Data excerpts:
◆ ◆ ◆ ◆ ◆
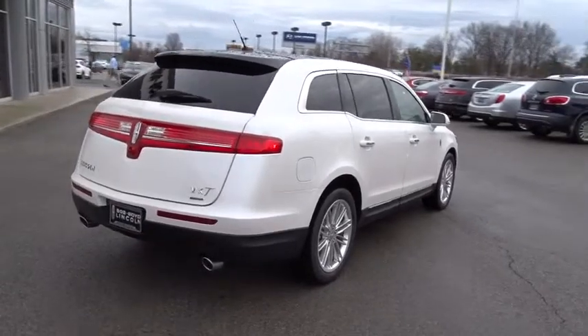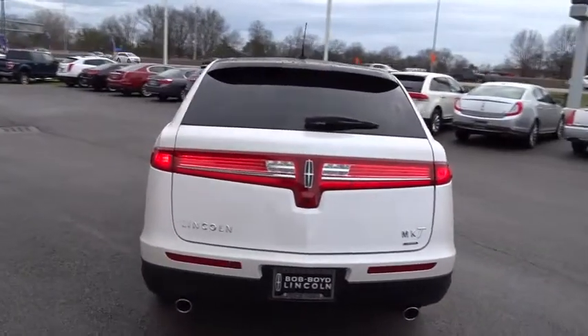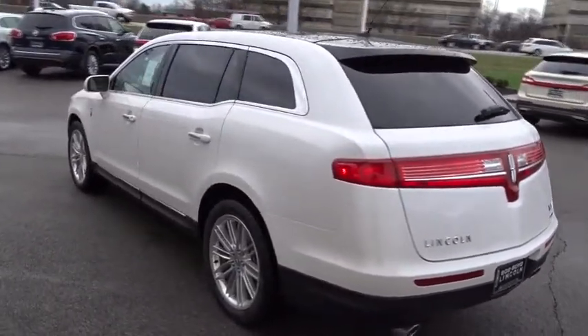This vehicle has less than 100 miles. If affordable style and reliability are what you're looking for, this vehicle couldn't be more perfect. Drive it today.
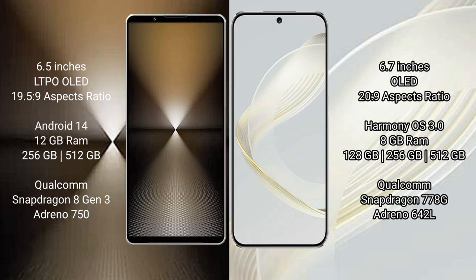The Sony Xperia 1 Mark VI runs on the Android 14 operating system. The Huawei Nova 11 runs on the HarmonyOS operating system.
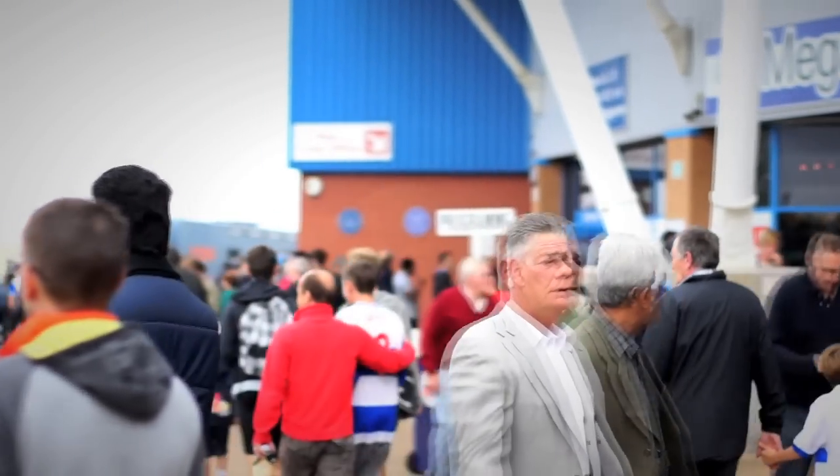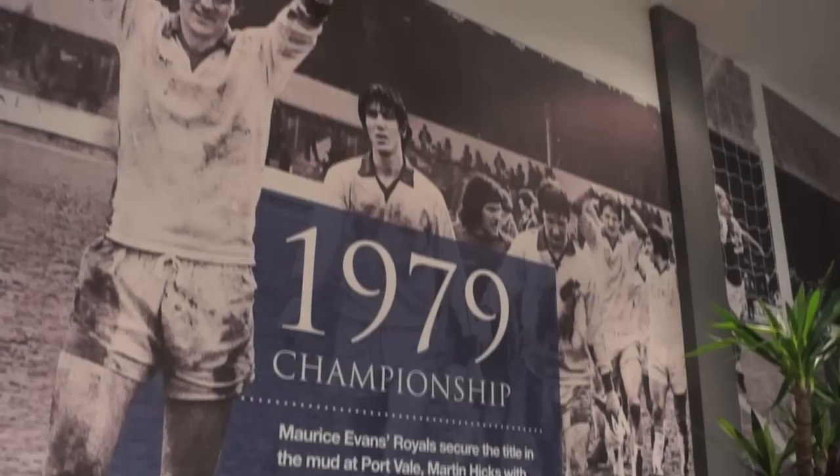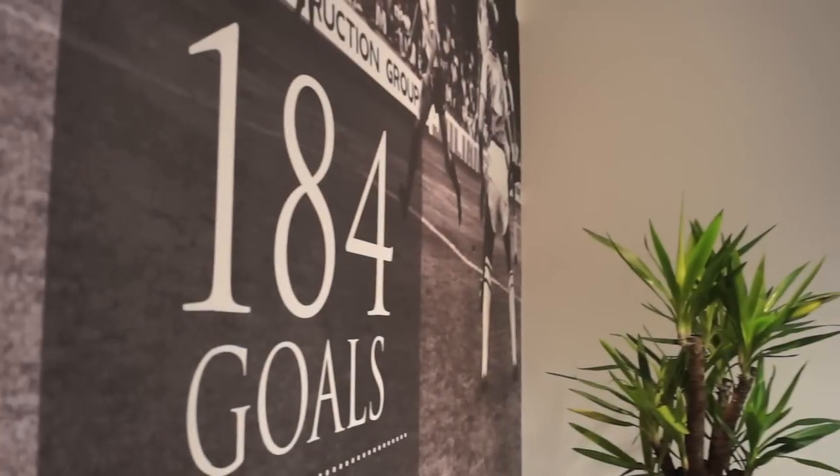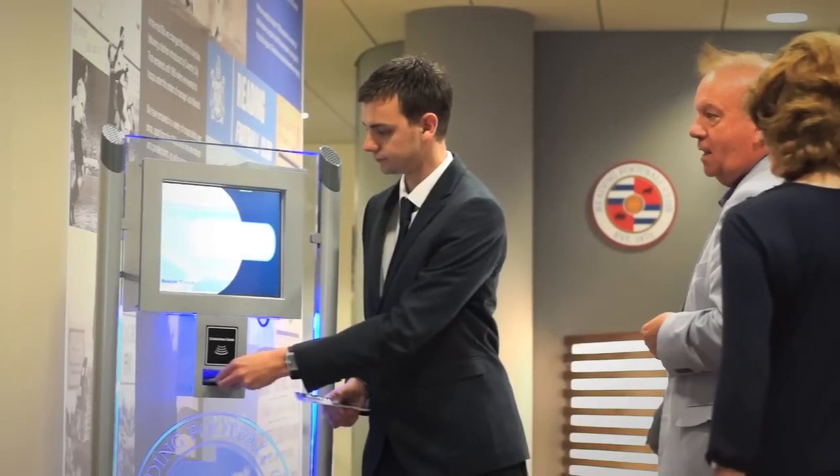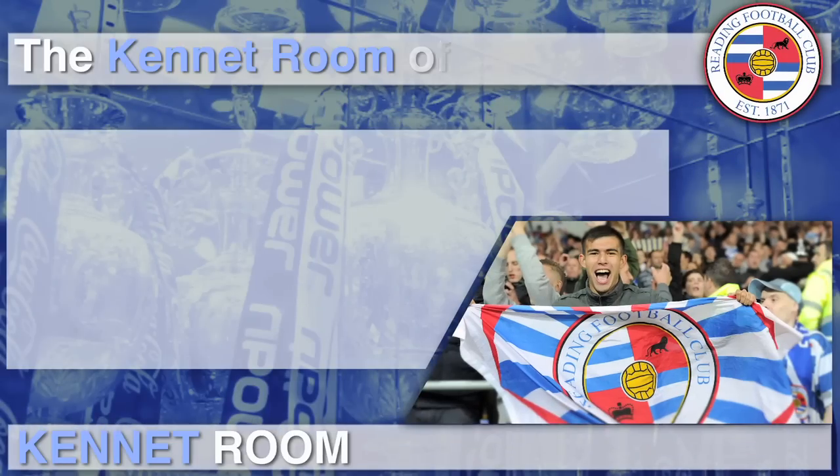Welcome to Hospitality at Reading Football Club. Reading Football Club offers some of the best hospitality facilities in world football, allowing you to entertain family and friends or clients and colleagues in Royals luxury.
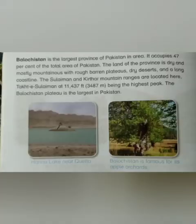Balochistan is the largest province of Pakistan in area. It occupies 47% of the total area of Pakistan. The terrain of the province is dry and mostly mountainous. It is rough, bare plateau, dry desert, and has a long coastline.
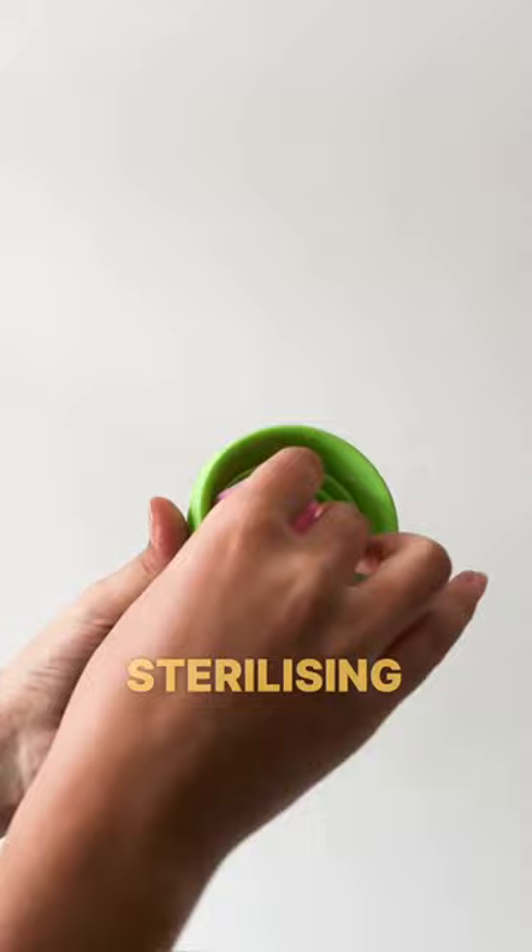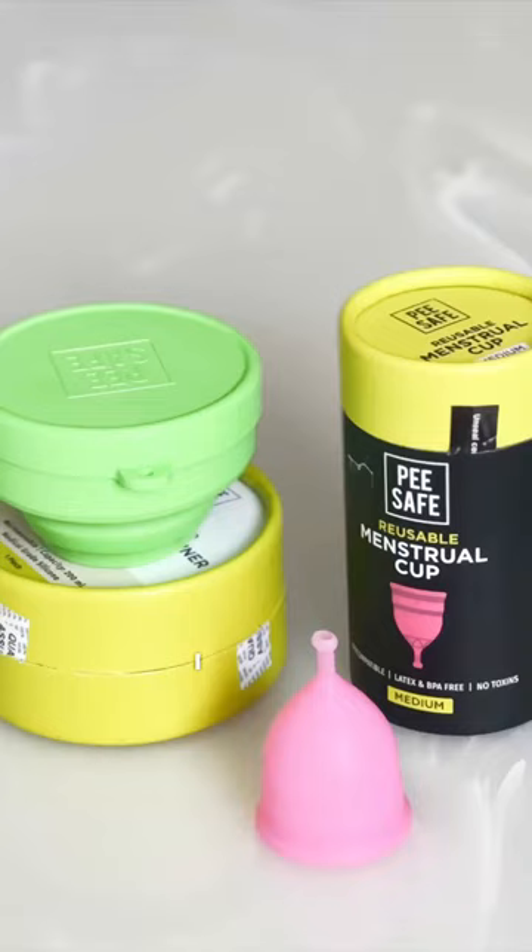This cup sterilizing container sterilizes your cup on the go. The best part, it fits in my smallest pack. I definitely recommend you to try them out.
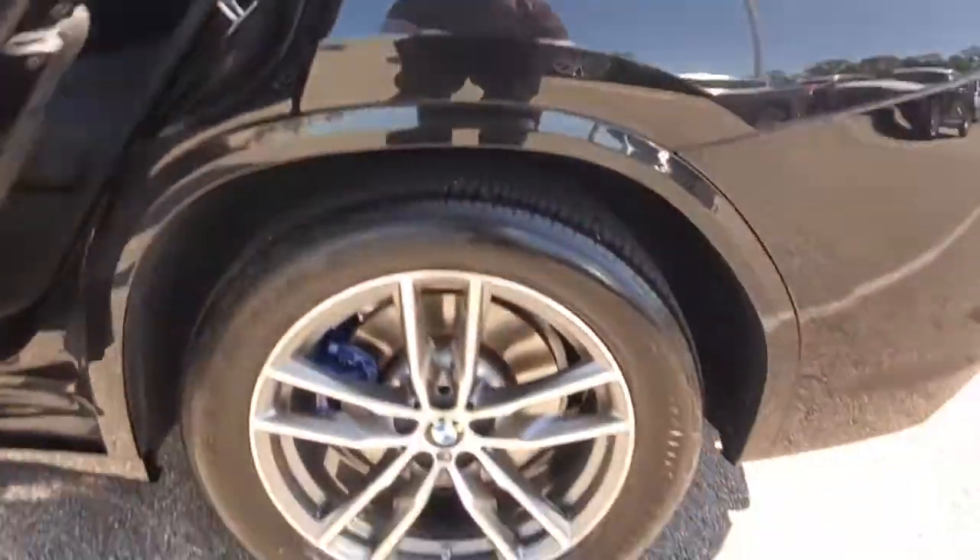You deserve an automobile that's as passionate about the road as you are. Drive the X3.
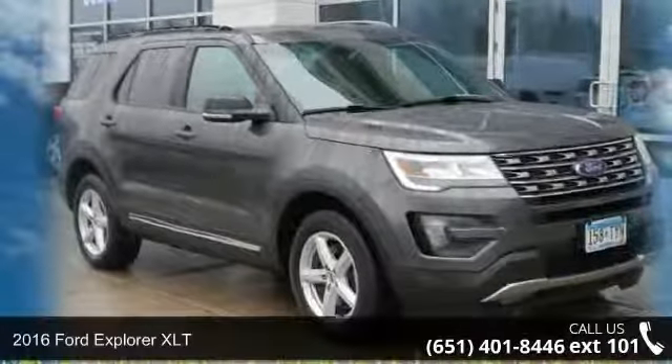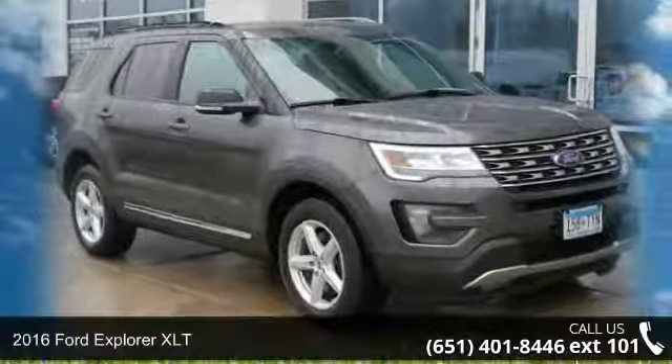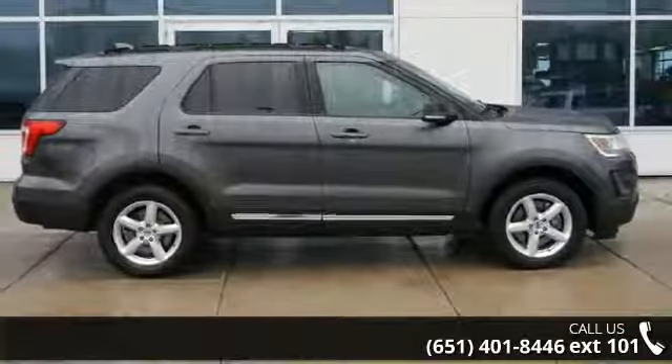Presenting the 2016 Ford Explorer XLT. If you are looking for a first-rate auto, this one could be yours today.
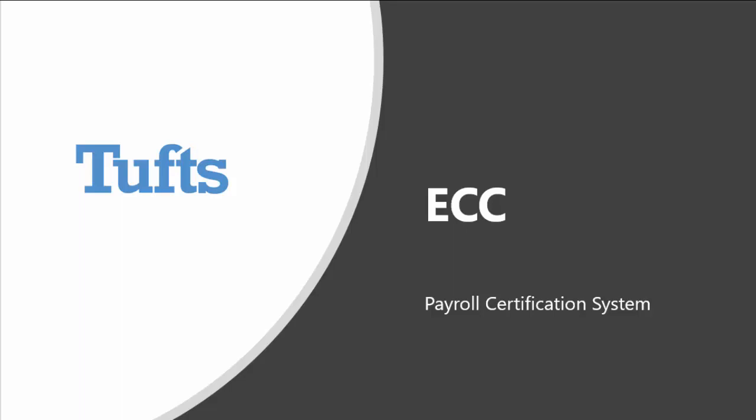Welcome to ECC, Tufts' new payroll certification system. This video introduces the ECC system and provides a brief demo of your certification responsibilities.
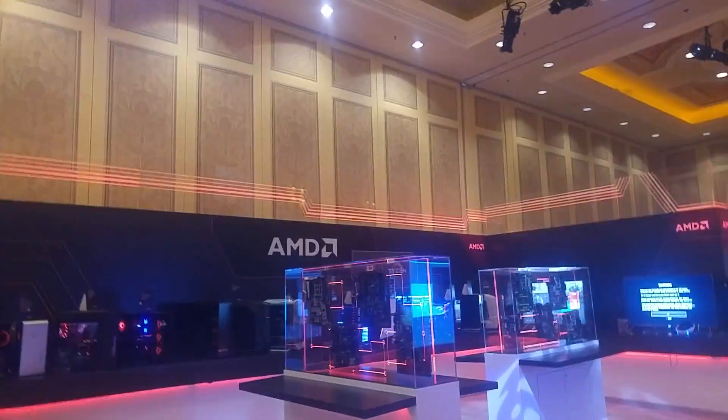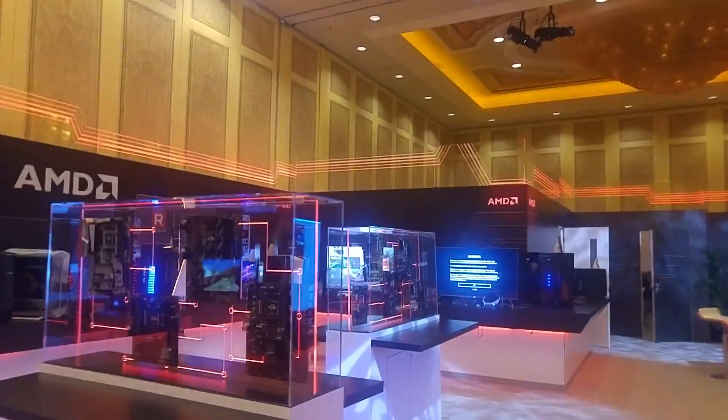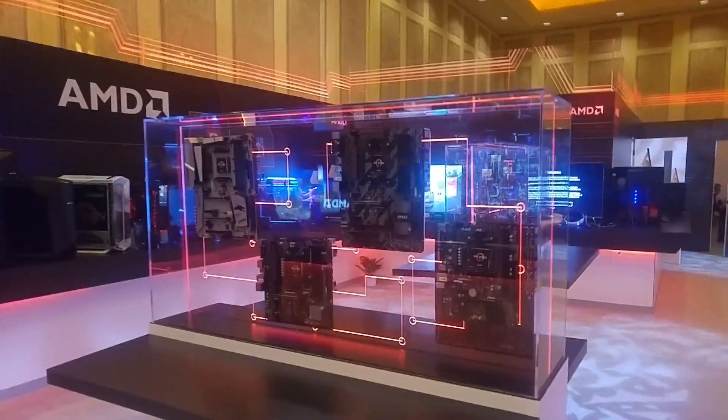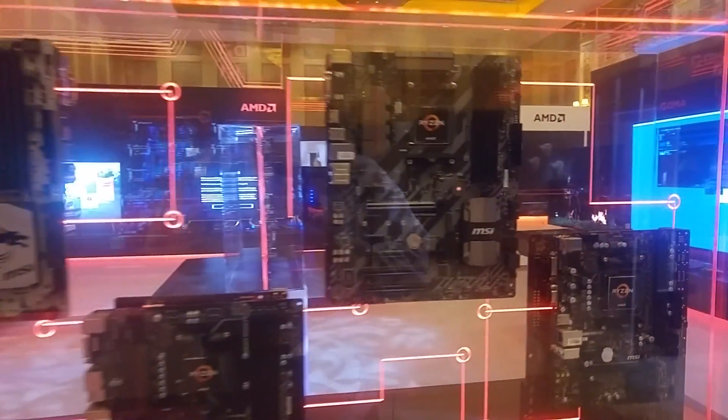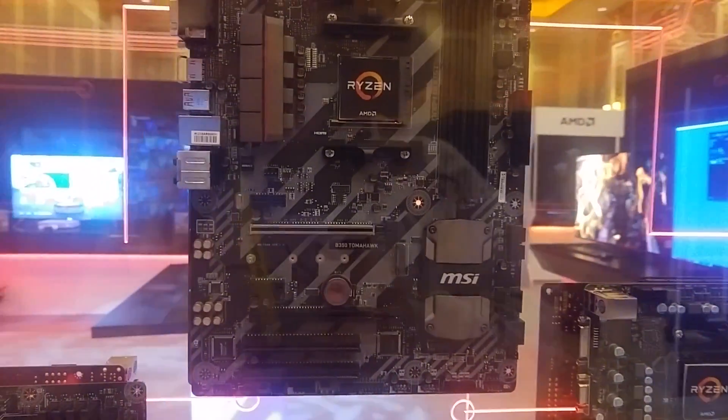How's it going, ladies and gentlemen? This is Martin from Optimist Tech giving you a quick walkthrough of the AMD suite in the Venetian Hotel. I'm sorry if my mic was not plugged in right — due to the audio failure I had to do a quick voiceover, but pretty much this is just a simple walkthrough of all their builds.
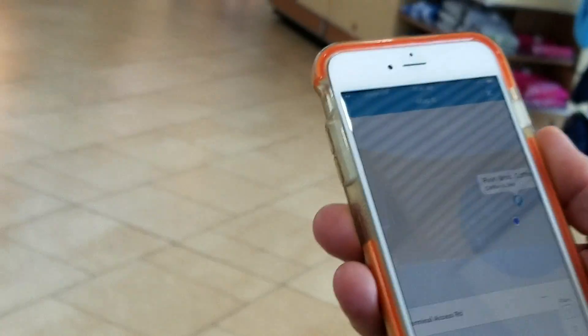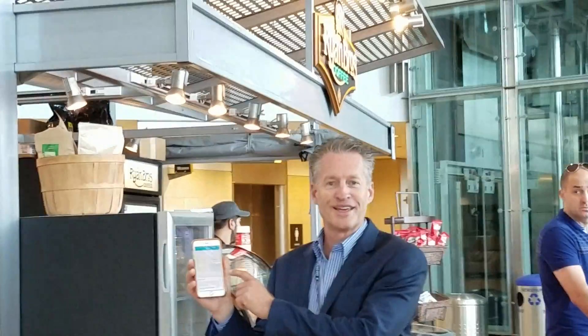You will see that we are now arriving at Ryan Brothers Coffee. Here we are at the Ryan Brothers Coffee place, navigated with indoor navigation. Thank you very much.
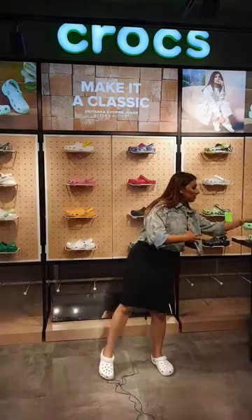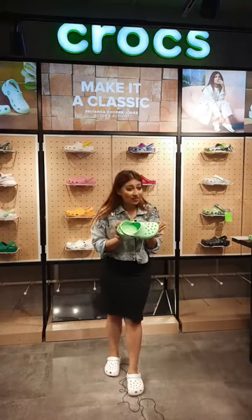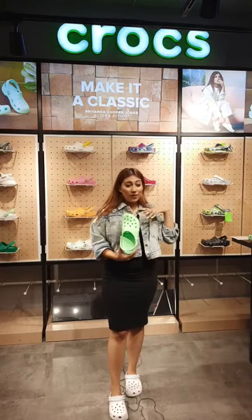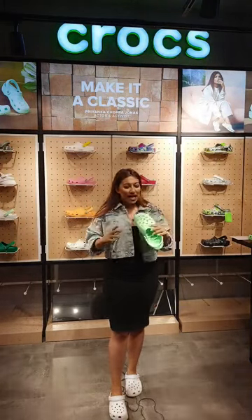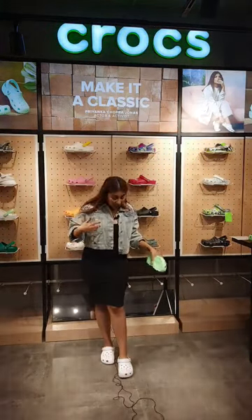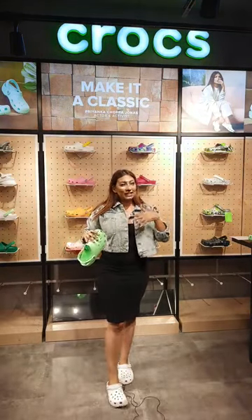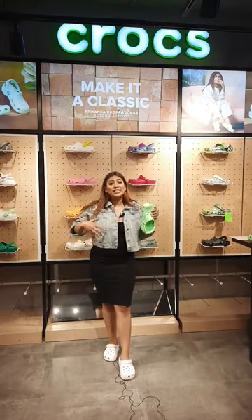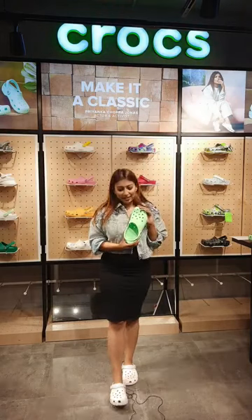When you think of the word Crocs, what comes to your mind is this — the basic classic clog. This is the classic clog in neo mint color, personally my favorite, because it gives a very summery look and makes me feel cool. I'm also wearing the classic clog with my outfit right now. You can pair these clogs with something you'd wear to a lunch date, shopping, or really any outfit.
◆ ◆ ◆ ◆ ◆
§ **PROBLEM DETAILS**
Begin at the top of the records above and retype each line exactly until the line containing "The Sony Xperia", which is included. Skip all pictures.

§ **EXERCISE RESULT**
This vehicle has less than 100 miles. If affordable style and reliability are what you're looking for, this vehicle couldn't be more perfect. Drive it today.
The Sony Xperia 1 Mark VI runs on the Android 14 operating system. The Huawei Nova 11 runs on the HarmonyOS operating system.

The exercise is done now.